IAVA Files Amicus Brief Against Diverting Defense Spending to Border Wall
President Donald Trump’s plan to divert $3.6 billion from defense funding to build a border wall will endanger the well-being of Active Duty Service Members and their families, according to a nonprofit Veterans advocacy group. The Iraq and Afghanistan Veterans of America (IAVA) filed two Amicus Briefs in two ACLU cases with a California federal judge opposing the president’s plan to divert military funding.
“IAVA is speaking out on behalf of service members and their families,” said IAVA CEO Jeremy Butler. “Regardless of whether you support or oppose the border wall, it should not come at the expense of our service members and their families.”
In February, the Trump Administration declared a national emergency to divert $6.7 billion to the construction of a border wall between the United States and Mexico. The administration intends for the wall to expand across the entire southern border from California to Texas. In response, the ACLU filed lawsuits to challenge the constitutionality of President Trump’s national emergency declaration.
By declaring a national emergency, the president is able to divert military construction funding to the border wall. According to the IAVA, the Pentagon has largely underfunded military construction projects crucial to the overall mission of the U.S. Armed Forces. The group’s brief says that the siphoning of the defense budget comes after years of underfunded military construction projects.

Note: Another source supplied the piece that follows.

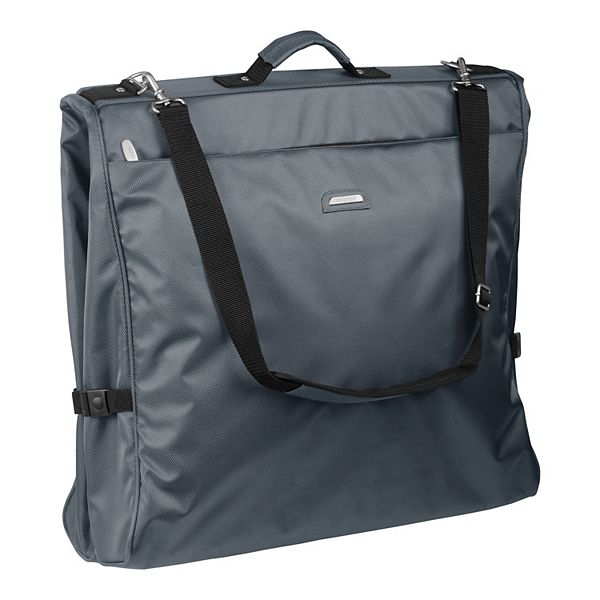 WallyBags 45" Premium Framed Garment Bag with shoulder strap and multiple pockets in Grey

What projects will the Military Defense Funding Diversion delay?
IAVA is made up of approximately 425,000 members. It is the nation’s largest nonprofit organization for Iraq and Afghanistan Veterans. Collectively, the group says that they are concerned that funding diversion puts military construction projects on hold.
In one of the briefs, the group writes, “Military construction is funded through a painstaking and time-consuming process.” It continues, “Even for the highest-priority projects, it can take ‘three or more years’ before an identified need makes it into a budget request, and years longer for congressional authorization and appropriations, implementation of the federal contracting process, and the physical construction of the project.”
For example, a $41 million project to replace a failing heating system at an Alaska Air Force base has been put on hold indefinitely. Winters in Alaska can dip below 65 degrees Fahrenheit below zero in the winter.
Diverting military funding for the wall has also affected building a $37 million facility intended for the relocation of hazardous cargo and training for bomb defusing.
Additionally, the Pentagon canceled a $13 million childcare facility for families at Joint Base Andrews.
The funding diversion also puts several other projects on hold at several military bases across the country. Military projects delayed by the border wall funding diversion include:
- Buildings for military academies in New York
- Drone Pilot Training Facility in New Mexico
- Shooting ranges in Oregon, Mississippi and Wisconsin
- Flight simulator building in California
- Fire and crash rescue station in Florida
- Military space facility in Colorado
According to news reports, there are a total of 127 military projects that have been stalled indefinitely as a result of the $6.7 billion intended for the wall.
“Service members are used to discomfort,” the group said. “But they should never be asked to work in unnecessarily unsafe or harmful conditions, or to wait even longer for basic facilities that are already long overdue.”